Wizard of Id – yes. In the same category as B.C. and Blondie, the Wizard has a half dozen situations that are consistently re-written in a fresh and funny way. The hirsute prisoner “Spook” being stretched on a rack? That’s funny. The King addressing the rabble on tax increases? Funny. Sir Rodney and his nose in battle? Funny. The alcoholic Bung? Funny. Funny.
Foxtrot – no. But Foxtrot is somewhat off the hook on this one because cartoonist Bill Amend is threatening semi-retirement and plans to do a Sunday-only strip. This may be an improvement because right now his work seems to be stretched thin with boring story lines, characters that you cannot tell apart, poor drawings, and unfunny punch lines.
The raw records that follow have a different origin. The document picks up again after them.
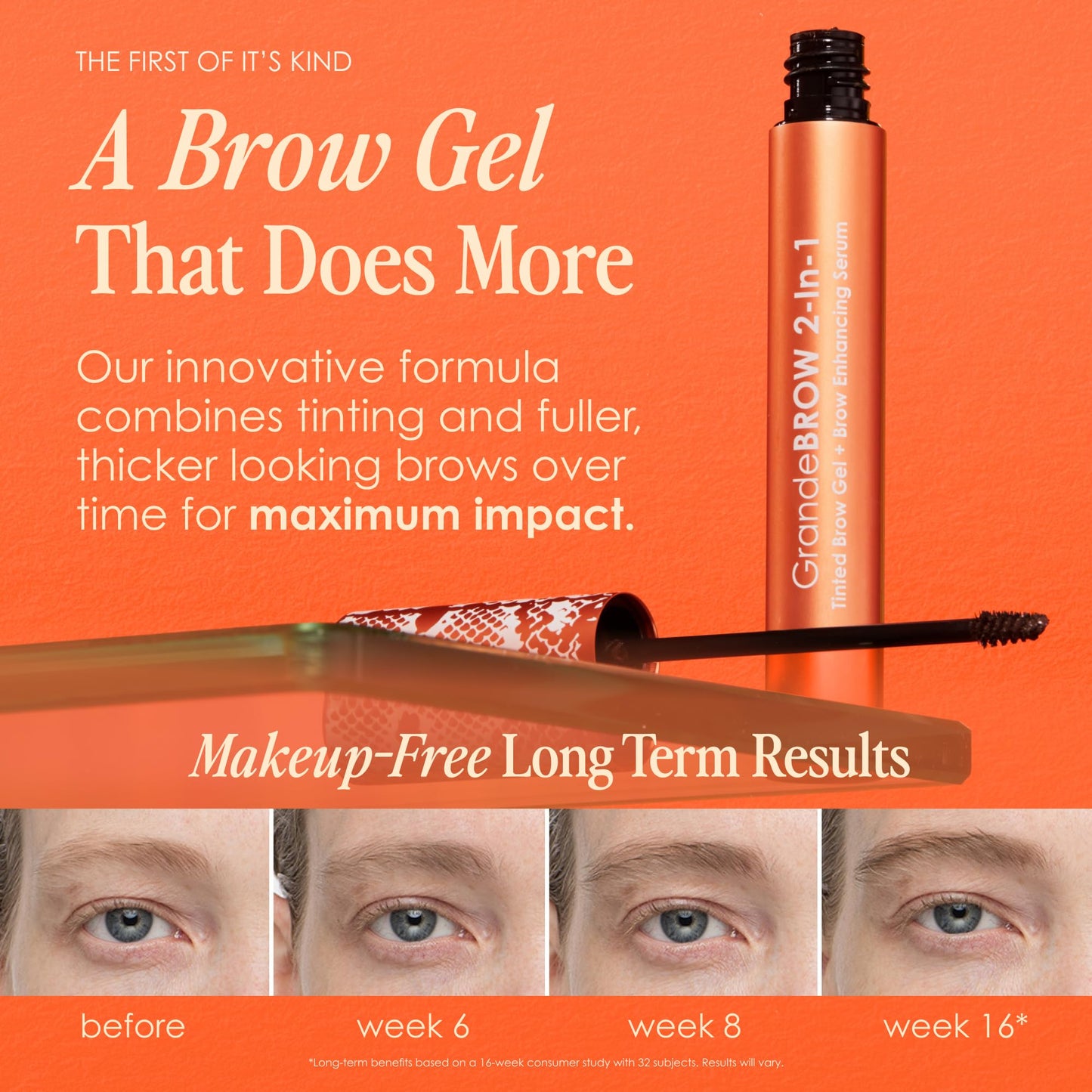 Grande Cosmetics GrandeBROW 2-in-1 Tinted Brow Gel + Brow Enhancing Serum for Thicker & Darker-Looking Eyebrows, Shape & Fill Brows, with Castor Oil & Mini Fibers - Medium, Full Size (0.12 fl oz)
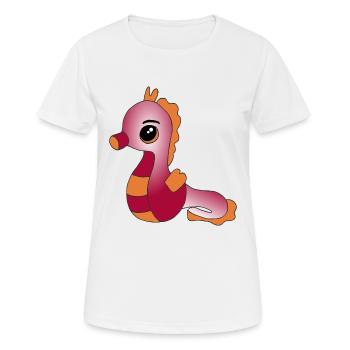 Knuffiges Seepferdchen - Frauen T-Shirt atmungsaktiv - Weiß - Vorne - AI Model Female 172 dark (172cm)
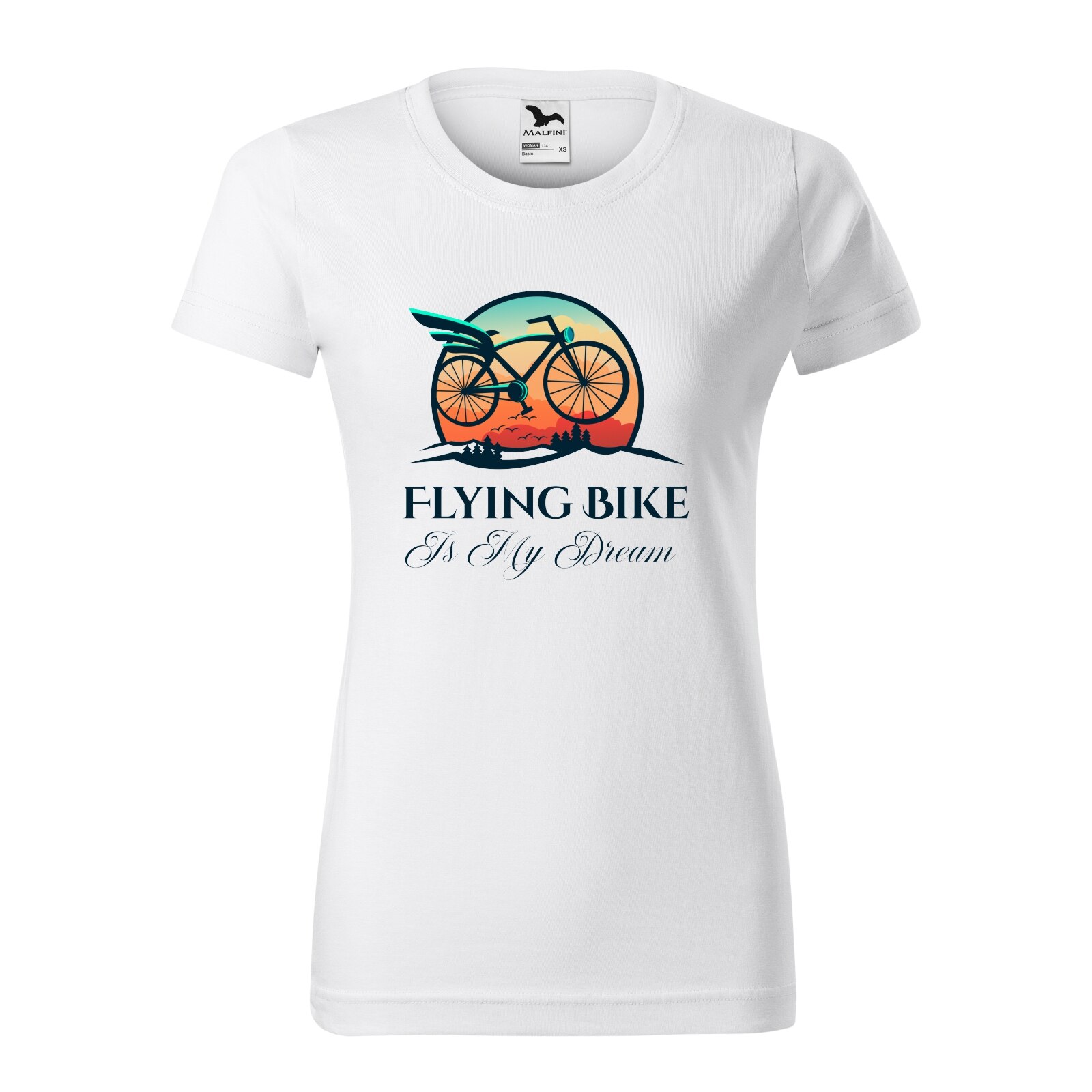 Tricou clasic, la baza gatului, alb, pentru dama, idee de cadou pentru biciclisti, A Flying Bike is my Dream, marime XL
This feature has become a chore to read.

Rose is Rose – no. Pasquale drives me nuts. Rose and her motorcycle leather-clad alter ego don’t make me laugh. Plus the drawings are sometimes hard to figure out.
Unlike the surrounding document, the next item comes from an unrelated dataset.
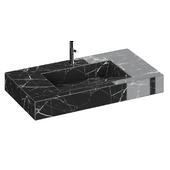 Porcelain tile sink with slotted drain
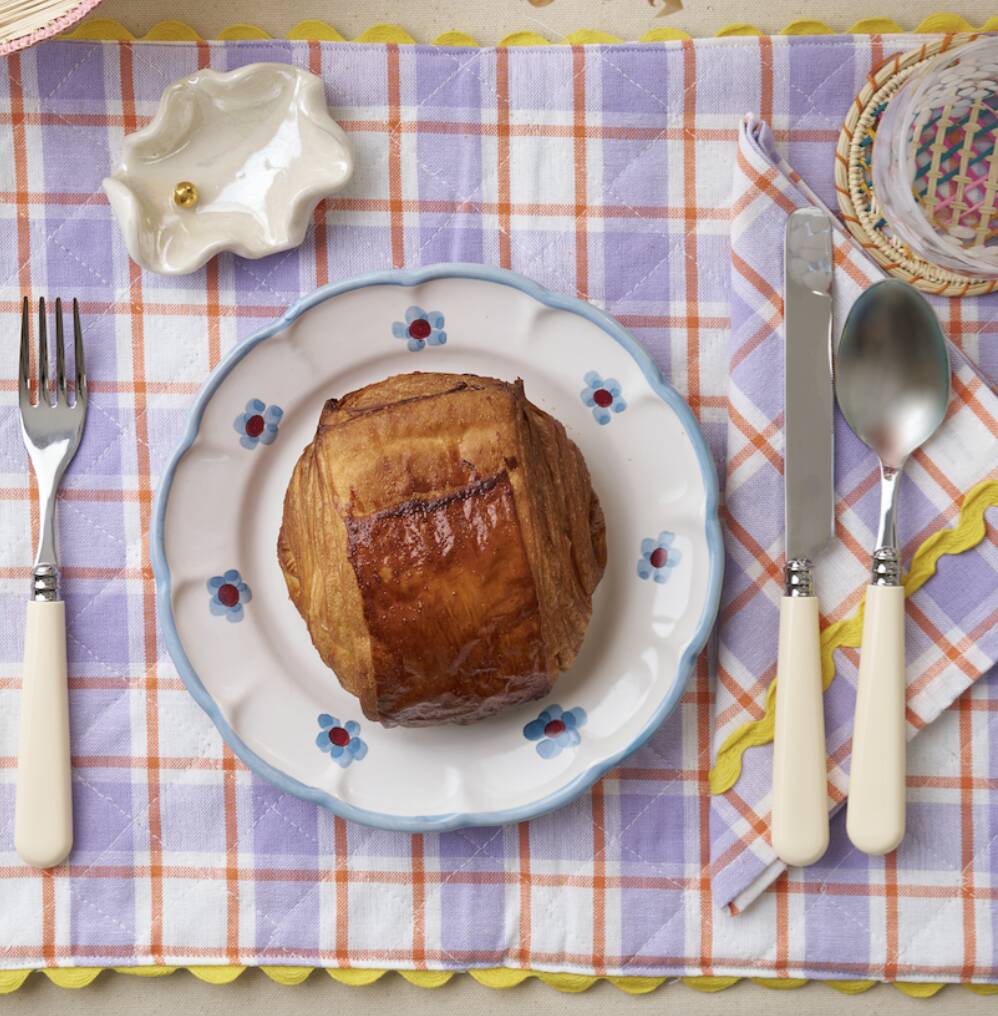 Pair of purple and yellow napkins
Over the Hedge – no. This falls into the same category as Get Fuzzy (see below) in which there is too much to read and too little pay off in the way of a punch line. I have tried unsuccessfully to understand the relationship between the characters in this strip but their characterization has never been strongly established (contrast with Blondie in which the characters are strong and consistent).
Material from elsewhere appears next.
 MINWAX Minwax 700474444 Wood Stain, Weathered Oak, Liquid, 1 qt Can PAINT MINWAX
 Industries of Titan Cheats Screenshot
Hagar the Horrible – yes. Hagar is not as good as it once was when Dik Browne originated this strip in 1973. However, his son Chris has done a tremendous job since taking over solo in 1988 by remaining faithful to the original drawings and characters in this great strip. Hagar has not jumped the shark, Honi is still single and Hagar is still a loveable slob.

Zits – yes. Since my seventeen year old son is a virtual clone of Jeremy Duncan, the star of this family-oriented strip, Zits makes me laugh again and again. Scott and Borgmans drawings are fantastic and Scott, who also co-authors Baby Blues (above), has a simple and funny writing style.

Luann – yes. A personal favorite of mine since she first appeared 25 years ago, this strip continues to make me laugh with fresh new story lines every month or so and a cast of very realistic characters. I like the way Luann’s author Greg Evans draws this strip, particularly when the characters are eating or drinking. Excellent characters like Luann and her brother Brad, Crystal, the elusive Aaron Hill, Tiffany aka Sheraton St. Louis (pictured at right) make this one of the best story line strips in the paper.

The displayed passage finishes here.